Я приехал в Голливуд и пошел к моим супервайзерам, смотрел Наполеонов от обывательщины и обывателей от Наполеонов. Мне сказали, что меня пригласили «в качестве большевика», как мне дословно было сказано, чтобы советизировать фильм. Меня спросили, нужен ли мне офис. Мне сказали, что в моем распоряжении переводчица-секретарша. Мне дали право телеграфировать в любые концы земли за справками. Я мог отовсюду выписывать книги, мне нужные. Я должен был понять, что раз я получаю столько-то, я уже в компании эксплуататоров. Мне сказали, что некий выдумщик надумал поставить просоветский сценарий. Я и Фрэнсис Марион должны быть авторами картины, режиссером будет Джордж Хилл, помощником режиссера (и моим помощником) будет Борис Инкстер, русский человек, советский гражданин, отставший от группы Эйзенштейна. Супервайзером будет Ал Люэн. Директорствует Ирвинг Толберг, директор М.G.М., муж Нормы Ширэр, человек, получающий миллион долларов жалованья в год, голливудский Наполеон со скрещенными руками. Все перечисленные должны были составлять «конференс» – совет при картине. Я, кроме авторства, должен был быть и советником при фильме, дабы не было клюкв.
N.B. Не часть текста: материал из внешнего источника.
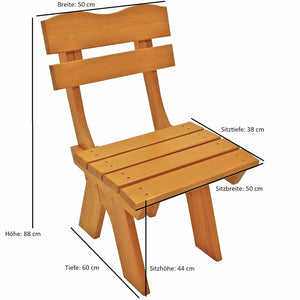 4-teilig Garnitur Sitzgruppe FREITAL 150cm, Kiefer imprägniert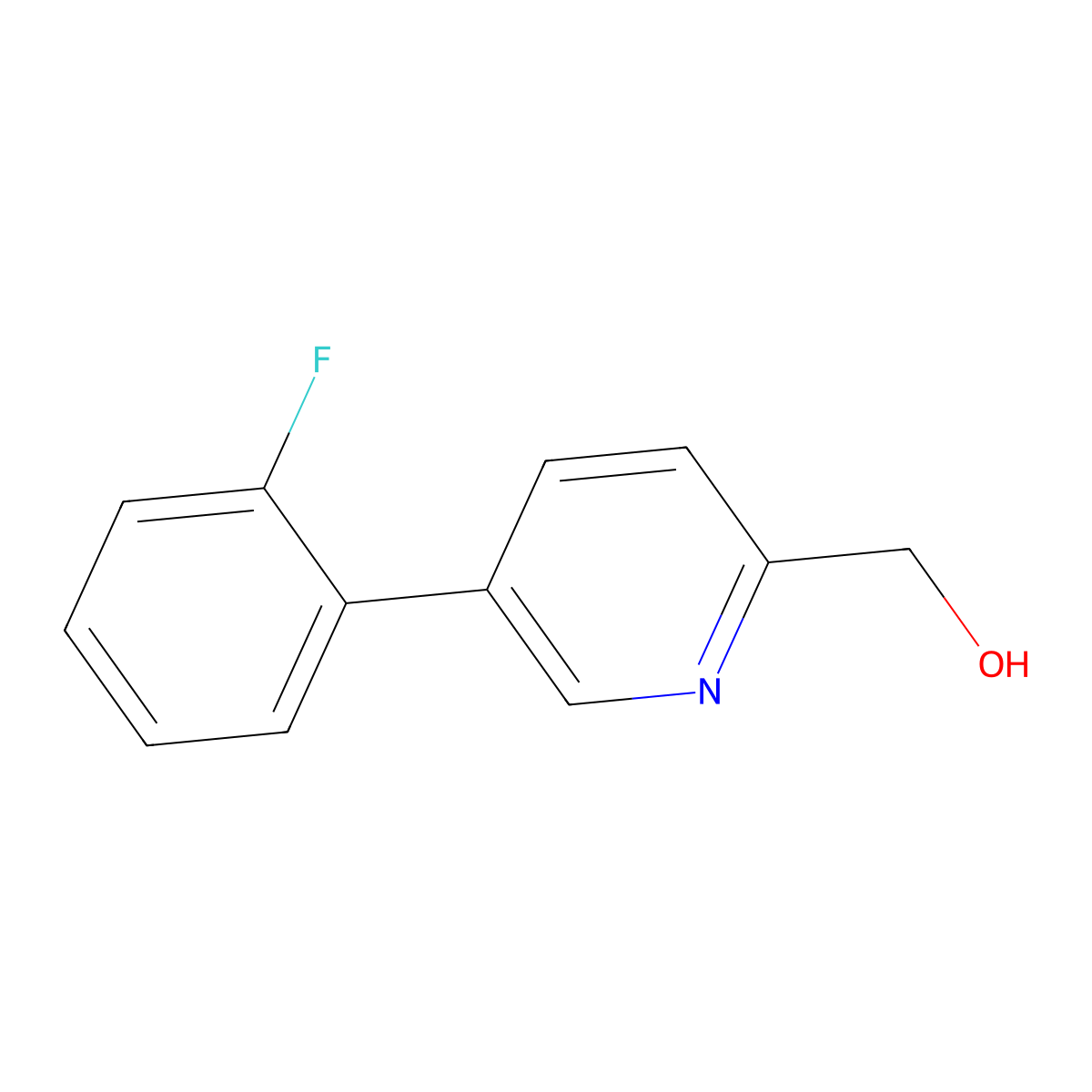 5-(2-Fluorophenyl)pyridine-2-methanol molecular structure, CAS 1158763-61-1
Понятие просоветский – следующее понятие. Америка, как известно, в 1931 году дипломатических отношений с СССР не имела. Те американцы, что были против признания Советского Союза, назывались антисоветскими. Те же, что хотели восстановить международную дипломатию, назывались просоветскими. Так же разделялась и русская в Америке колония. Большинство эмигрантов, приехавших до революции, были просоветскими. Антисоветскими были те, кто предал родину, бежав от революции. Что касается меня, я был просто советским.
И что касается меня еще раз, – мне не пришлось побывать ни соавтором всезнаменитой в кинодействе Фрэнсис Марион, ни советником при фильме.
Но по поводу фильма я советовался несколько дней. О политике, избави Боже, до последней моей отъездной ночи мы не говорили ни слова.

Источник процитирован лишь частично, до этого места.